You’re right about that. “The universe is an arrangement of perceptions in consciousness” implies panpsychism, given the absence of sentient individual consciousnesses for part (most) of its history. It does not imply that my* individual* consciousness was there at the big bang. However, if one accepts the Hindu “Atman is Brahman” doctrine, and thus my individual consciousness is an aspect of the universal consciousness, then you’re closer yet to being right. Your friend Mr. Ramachandran seems to flirt with this view.

My apologies. What did I say I’d come back to that I haven’t already addressed?

(BTW, what ever happened with Shipmans Quantum Honeybees?)

Whatever happened to Stone Girl?

Yeah. She was hot.

Never mind, they’ll crop up again next time. You obviously consider the answers you have given to be relevant to those points, whereas I simply can’t see it. Read the last 3 pages again, and perhaps you could write an OP some time in future setting out the specific proposition for debate.

Like Penrose’s quantum consciousness, the appeal to quantum weirdness is possible (although unlikely, indeed impossible to many) but ultimately unnecessary given the vast computational power of even a few million neurons if they are interconnected (as they are in insect neuroanatomy). Yet again, we all know the questions - even the toddler can keep asking them ad infinitum. Roundabout exits and progress in a debate require us to accept premises and focus in order to avoid the infinity of possible distractions. And again, if a single explanatory gap renders an entire scientific field fundamentally flawed, why then, we must all become Creationists.

Sorry, quantum consciousness conscidered impossible by many.

Did you find Chalmers’ comment on this as funny as I did?

I was scanning your exchange with II Gyan II in hope of finding some new angle to understand your viewpoint, when I was struck by this (bolding mine):

That surprised me. I thought that in your worldview waves and computer programs do have spatial coordinates.

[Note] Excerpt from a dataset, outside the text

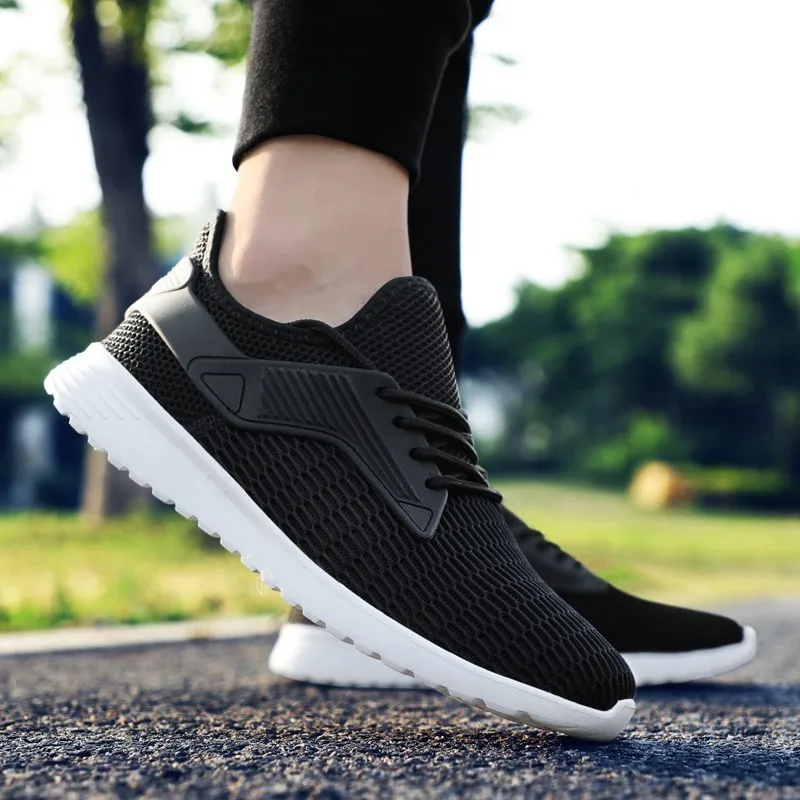 Popular fashion Breathable Casual Shoes Men Zapatillas de deporte comfortable shoe laces Male Lightweight large size sneakers
Popular fashion Breathable Casual Shoes Men Zapatillas de deporte comfortable shoe laces Male Lightweight large size sneakers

Actually, I was just wondering if anyone had figured out how to test Shipmans theory, or had come up with an alternate explanation for the presence of the flag manifold in both the mathematics of QM and the dance of the honeybees (my fault- I worded the question poorly).

Well, yes, but perhaps not in the way Gyan was specifying (of a single spatial location with no temporal element), not perhaps in any way that was relevant (since what the program does is far more important than where the apparatus is). It was hard enough keeping this thread on track, let’s not start pulling in stuff from others arbitrar… feck it. Enough! :slight_smile:

Not that I know of. Which, of course, makes it either protoscience, or pseudoscience.

From your own source: “When you have a physical phenomenon like the honeybee dance, and it follows a mathematical structure, you have to ask what are the physical laws that are causing it to happen.”
At this point Shipman departs from safely grounded scholarship and enters instead the airy realm of speculation.

She says herself that the hexagons are coincidental: just the arbitrar… oh, errm, natural, statistical selection of an efficient close-pack arrangement. And yet the shape of the symbols cannot have been selected, purely and simply, by evolutionary statistics in exactly the same way? Why not? Seeing the “flag manifold” is like playing Stairway to Heaven backwards and hearing Satanic lyrics (click link near bottom of page).